ITACA-S2 is sponsored by Mario Negri Institute for Pharmacological Research.

What condition does ITACA-S2 study?

ITACA-S2 studies Gastric Adenocarcinoma.

What drugs are being tested in ITACA-S2?

Interventions: peri-operative cht, post-operative CHT, peri-operative cht + post-operative cht-rtx, post-operative cht + post-operative cht-rtx.

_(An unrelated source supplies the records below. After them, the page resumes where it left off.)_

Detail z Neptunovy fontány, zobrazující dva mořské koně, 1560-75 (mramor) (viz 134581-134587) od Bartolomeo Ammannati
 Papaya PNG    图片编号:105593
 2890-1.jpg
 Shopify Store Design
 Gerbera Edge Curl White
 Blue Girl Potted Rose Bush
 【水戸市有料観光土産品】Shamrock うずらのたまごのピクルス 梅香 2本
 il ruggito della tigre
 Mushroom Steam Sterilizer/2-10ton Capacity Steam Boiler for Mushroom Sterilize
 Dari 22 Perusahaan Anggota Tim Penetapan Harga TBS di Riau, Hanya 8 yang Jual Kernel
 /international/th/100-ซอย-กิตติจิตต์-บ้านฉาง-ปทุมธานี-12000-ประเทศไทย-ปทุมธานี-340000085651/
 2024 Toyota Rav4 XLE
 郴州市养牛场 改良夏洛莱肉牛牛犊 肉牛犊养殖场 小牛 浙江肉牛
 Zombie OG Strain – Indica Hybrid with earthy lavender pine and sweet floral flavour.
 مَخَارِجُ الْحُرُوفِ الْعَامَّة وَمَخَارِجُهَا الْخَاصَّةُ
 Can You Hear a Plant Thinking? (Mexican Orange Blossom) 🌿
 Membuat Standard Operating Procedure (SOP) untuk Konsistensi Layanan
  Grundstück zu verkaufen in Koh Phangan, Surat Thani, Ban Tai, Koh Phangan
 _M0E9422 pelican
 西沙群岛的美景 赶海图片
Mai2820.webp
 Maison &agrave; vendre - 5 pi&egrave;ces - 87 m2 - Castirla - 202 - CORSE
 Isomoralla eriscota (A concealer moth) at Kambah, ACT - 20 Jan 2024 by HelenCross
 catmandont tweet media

What is the status of ITACA-S2?

ITACA-S2 is currently TERMINATED.

Last reviewed 2015-01-28 · How we verify

ITACA-S2(Intergroup Trial in Adjuvant Chemotherapy for Adenocarcinoma of the Stomach:Comparison of the Efficacy of a Peri-operative Versus a Post-operative Chemotherapy Treatment in Patients With Operable Gastric Cancer and Assessment of the Benefit of a Post-operative Chemo-radiotherapy.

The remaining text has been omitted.